## RECORD SET
BEGIN

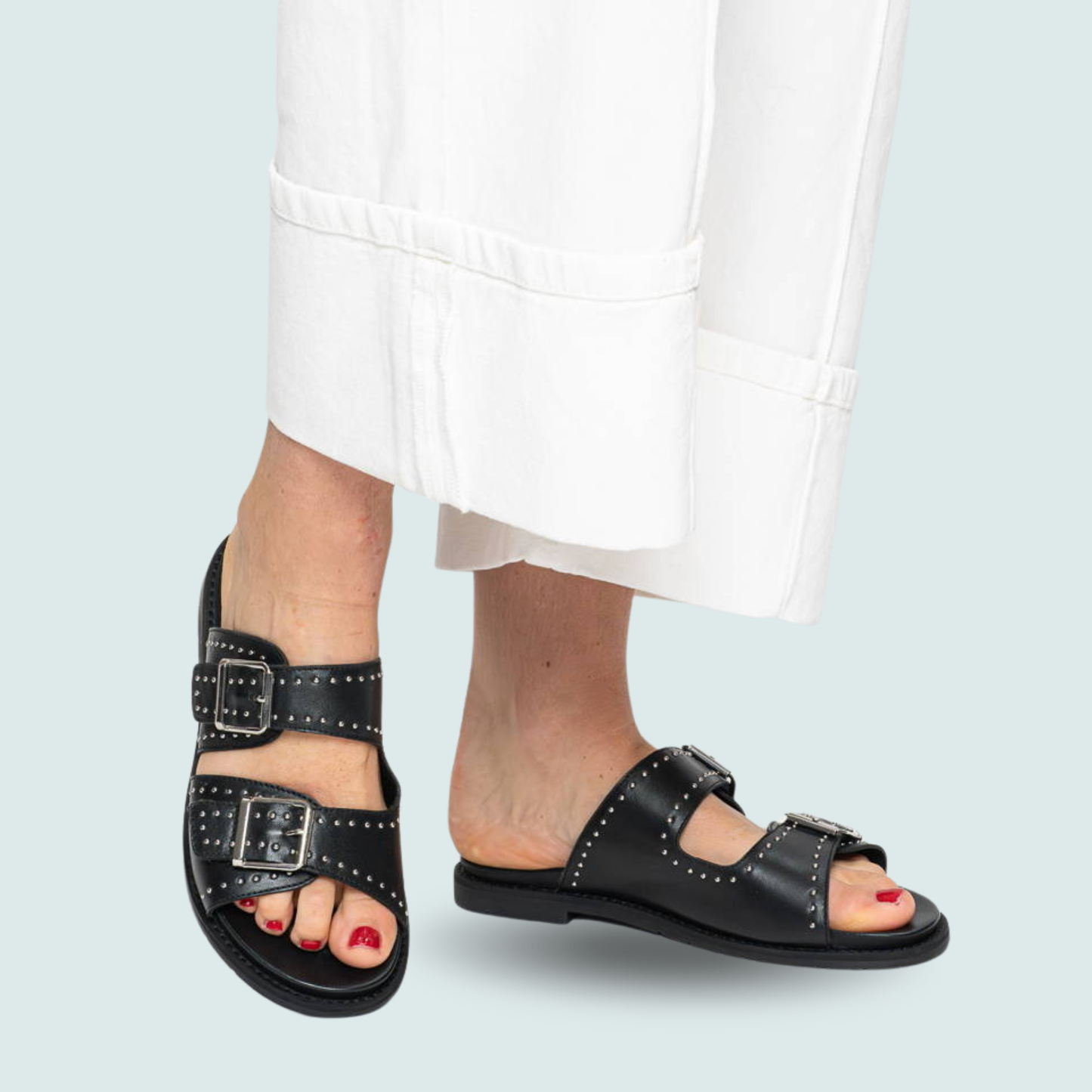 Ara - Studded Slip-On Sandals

END
BEGIN

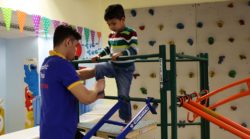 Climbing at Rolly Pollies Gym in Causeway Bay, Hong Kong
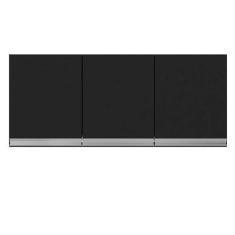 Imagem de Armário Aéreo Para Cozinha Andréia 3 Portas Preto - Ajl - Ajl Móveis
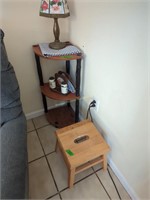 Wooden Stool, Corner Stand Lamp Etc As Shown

END
BEGIN

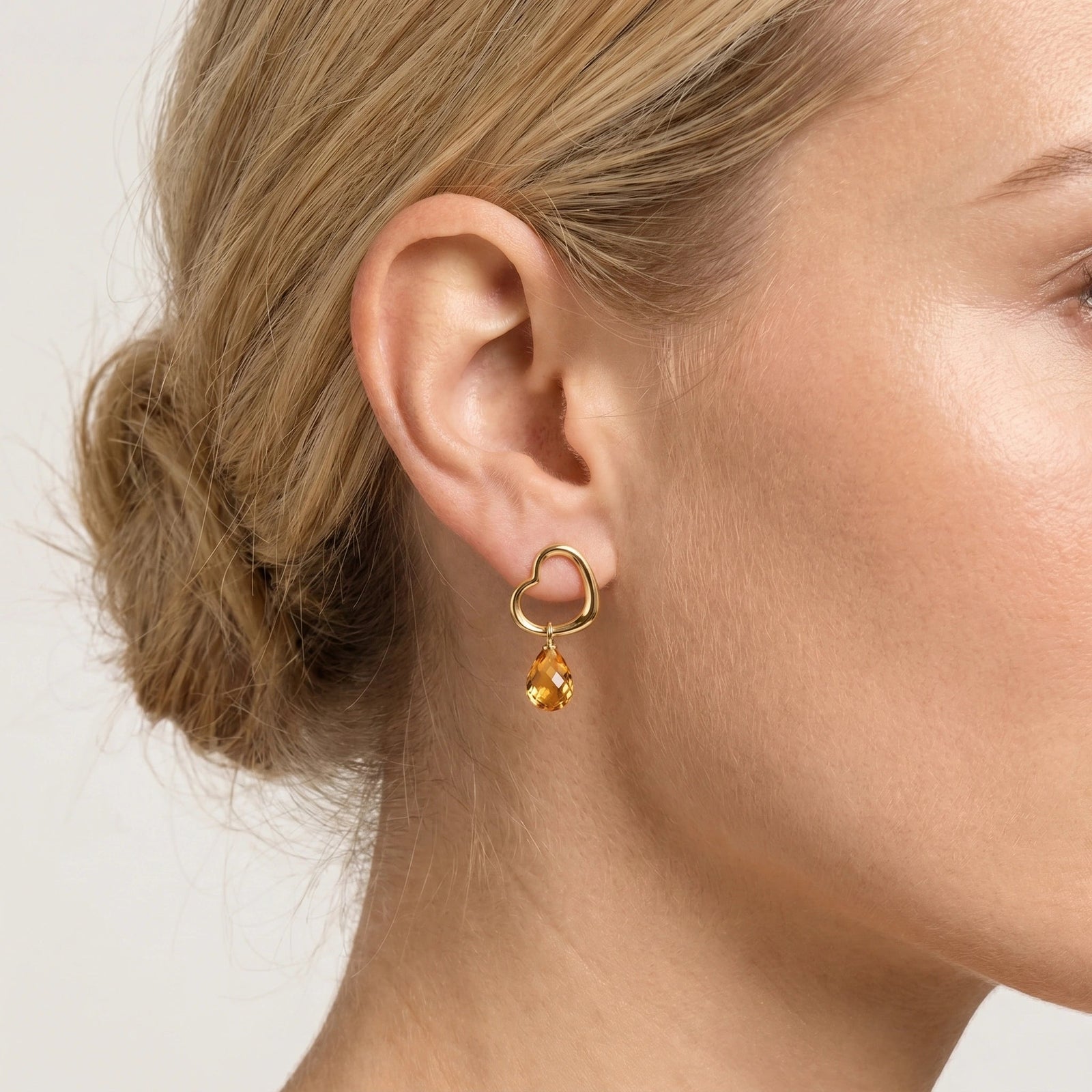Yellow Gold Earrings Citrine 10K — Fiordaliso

END

## PROBLEM DESCRIPTION
Among the entries above, take the line with "Climbing at Rolly", the line with "Wooden Stool, Corner Stand Lamp Etc As Shown", and all the lines between them, and restate them word for word without pictures.

## EXPECTED ANSWER
 Climbing at Rolly Pollies Gym in Causeway Bay, Hong Kong
 Imagem de Armário Aéreo Para Cozinha Andréia 3 Portas Preto - Ajl - Ajl Móveis
 Wooden Stool, Corner Stand Lamp Etc As Shown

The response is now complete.